Fillon, rappelons-le, à qui Baroin servait de porte-parole pendant la campagne présidentielle. Le même Baroin était supposé mener les troupes des « Républicains » pendant les législatives. Ce Baroin encore, au mois de mars, avait qualifié Macron de « porte-parole du communautarisme ». Il osait même dire : « Le communautarisme, c’est appliquer le modèle américain (…) le communautarisme, voilà l’ennemi de la République ».
Serait-il tombé en état de confusion mentale ? Certainement pas ! Ce fils d’un ancien grand maître du Grand Orient de France ne fait qu’agir en parfait mondialiste.
Nous avons mis en évidence les liens de Fillon avec les réseaux mondialistes à travers son ami Henri de Castries (1), le président du groupe de Bilderberg. C’est qu’il fallait alors un candidat de droite, aux courants mondialistes, pour éviter une migration des électeurs vers le Front national.
Faut-il voir dans le peu de fougue de Baroin aux législatives une volonté assumée de faciliter la montée à l’Assemblée nationale des candidats d’En Marche ? Nous n’irons pas jusque-là, même si les récents propos du maire de Troyes sur Macron ressemblent à une trahison de son camp.
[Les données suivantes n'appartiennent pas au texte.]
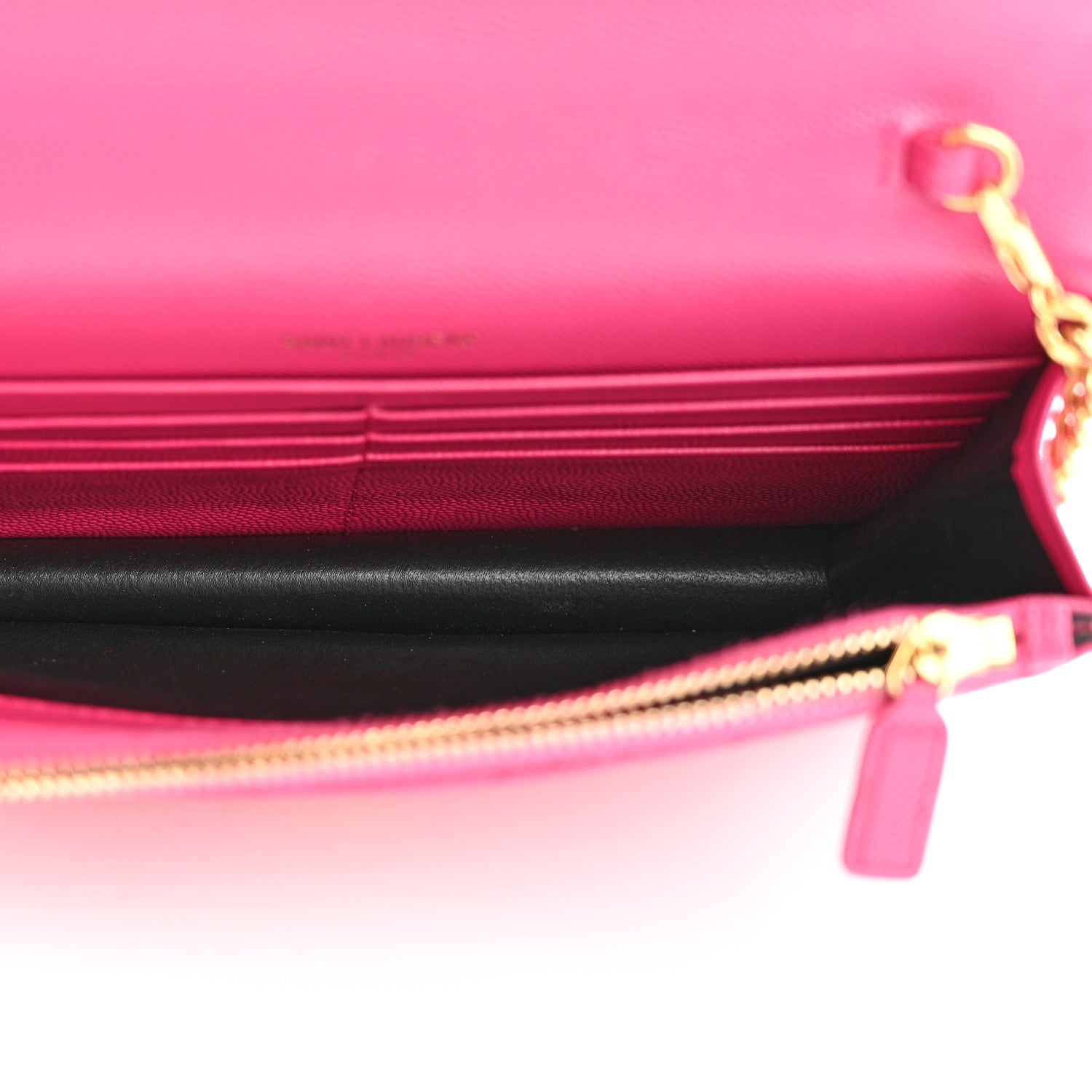 Saint Laurent Grain De Poudre Matelasse Chevron Monogram Envelope Chain Wallet Fresh Fuchsia 5 of 14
Mais en a-t-il même conscience ? Après tout, le laminage des Républicains réduit la scène politique française à trois grands courants : 1/ les mondialistes conscients ou inconscients, sur la ligne d’une Europe autoritaire à l’intérieur, mais soumise à l’Amérique des grandes banques de Wall Street à l’extérieur. 2/ L’extrême gauche anti-mondialiste. 3/ L’extrême droite elle aussi anti-mondialiste. Entre ces courants, des groupuscules survivront dans des interstices idéologiques.
Les Républicains s’ils ne trouvent pas leurs marques, seront bientôt un de ces groupuscules. Alors le Front national absorbera ses transfuges, s’il parvient à acquérir de la compétence gouvernementale et à augmenter son capital de confiance auprès des Français.
Et Baroin dans tout cela ? Il pourra servir de faire valoir à la tête de l’Association des Maires de France, s’opposant à l’installation de crèches dans les mairies et demandant plus d’impôts pour les communes. À moins qu’il ne finisse un jour plus vieux sénateur ou plus vieux ministre de France.
* Lire en particulier « Henri de Castries, le cavalier de Fillon » in « L’Échelle des Valeurs » de décembre 2016 et janvier 2017.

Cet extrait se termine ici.